The facility was opened on July 4, 1899, by Wallace D. Lovell, who owned the Exeter, Hampton and Amesbury Street Railway Company, with the hope of bringing more business and tourism into the Hampton Beach area. In 1927, with performers beginning to achieve national stardom through various media, the ballroom was added to adapt to the changing nature of entertainment. The new owners wanted a facility that could hold 5,000 people, and thus the Casino Ballroom was born. After the expansion, the Casino Ballroom boasted the largest dance floor in New England, and 20,000 people made use of the massive space on a weekly basis that hosted acts such as Bing Crosby and Duke Ellington.

The rise of rock and roll brought many more changes to the Casino Ballroom.

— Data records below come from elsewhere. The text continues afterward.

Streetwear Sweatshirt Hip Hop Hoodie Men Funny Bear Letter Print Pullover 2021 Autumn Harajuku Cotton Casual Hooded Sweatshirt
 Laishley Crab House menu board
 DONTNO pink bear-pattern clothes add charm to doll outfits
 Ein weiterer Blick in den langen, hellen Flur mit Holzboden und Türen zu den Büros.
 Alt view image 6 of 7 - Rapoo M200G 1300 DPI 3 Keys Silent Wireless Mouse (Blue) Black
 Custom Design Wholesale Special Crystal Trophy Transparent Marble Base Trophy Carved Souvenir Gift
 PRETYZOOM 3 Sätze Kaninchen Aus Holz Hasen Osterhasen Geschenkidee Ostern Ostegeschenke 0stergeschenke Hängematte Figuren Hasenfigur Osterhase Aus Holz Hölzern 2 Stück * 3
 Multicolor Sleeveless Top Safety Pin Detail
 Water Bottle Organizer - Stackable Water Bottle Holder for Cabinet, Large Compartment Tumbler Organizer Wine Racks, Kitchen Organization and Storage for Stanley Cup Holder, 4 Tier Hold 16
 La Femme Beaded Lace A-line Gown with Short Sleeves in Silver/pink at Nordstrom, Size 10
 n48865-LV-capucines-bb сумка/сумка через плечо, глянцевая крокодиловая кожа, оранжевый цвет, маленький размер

The owners at the time sold the facility to a consortium of local businessmen interested in restoring it to its former glory. After renovating the facility and restoring many of its original features, the Ballroom reopened in the 1970s as Club Casino. Renovations, however, were not enough to draw promoters back to the venue. Seeing an opportunity, one of the new owners sought to book then-little-known names such as U2 and aging stars such as Ray Charles as a way of restoring the venue's reputation. His bet paid off, and following another renovation in the late '70s and early '80s, Club Casino began booking the likes of Jerry Seinfeld, Melissa Etheridge and Phish. So popular was the location, in fact, that it was able to fit 50 events into a three-month period, unheard of at the time for most music halls.

In the 1990s, the club started to develop a reputation for tough bouncers and strict rules against dancing. Again, changes were made to the Club Casino. In an attempt to regain some of its past glory, the name was changed back to the Hampton Beach Casino Ballroom, the facade of the building was redone, and the adjacent hotel demolished. The venue's season now extends from April to November, and it continues to bring in some of the top names in entertainment.

Notable events
On July 8, 1971, an additional 4,000 fans showed up to an already sold-out Jethro Tull concert with Yes on their first American tour as a supporting band. Ticketless fans started rioting and scaling the walls to climb in through the windows. Police and the National Guard were called in, and the incident resulted in the town of Hampton banning rock concerts for a number of years.

On August 9, 1995, the day Jerry Garcia died, his former Grateful Dead bandmate Bob Weir and his band RatDog took the stage to play a show at the Casino. Fans and media outlets descended on the Ballroom, filling the venue's parking lot to hold a candlelight vigil while listening to the band play inside.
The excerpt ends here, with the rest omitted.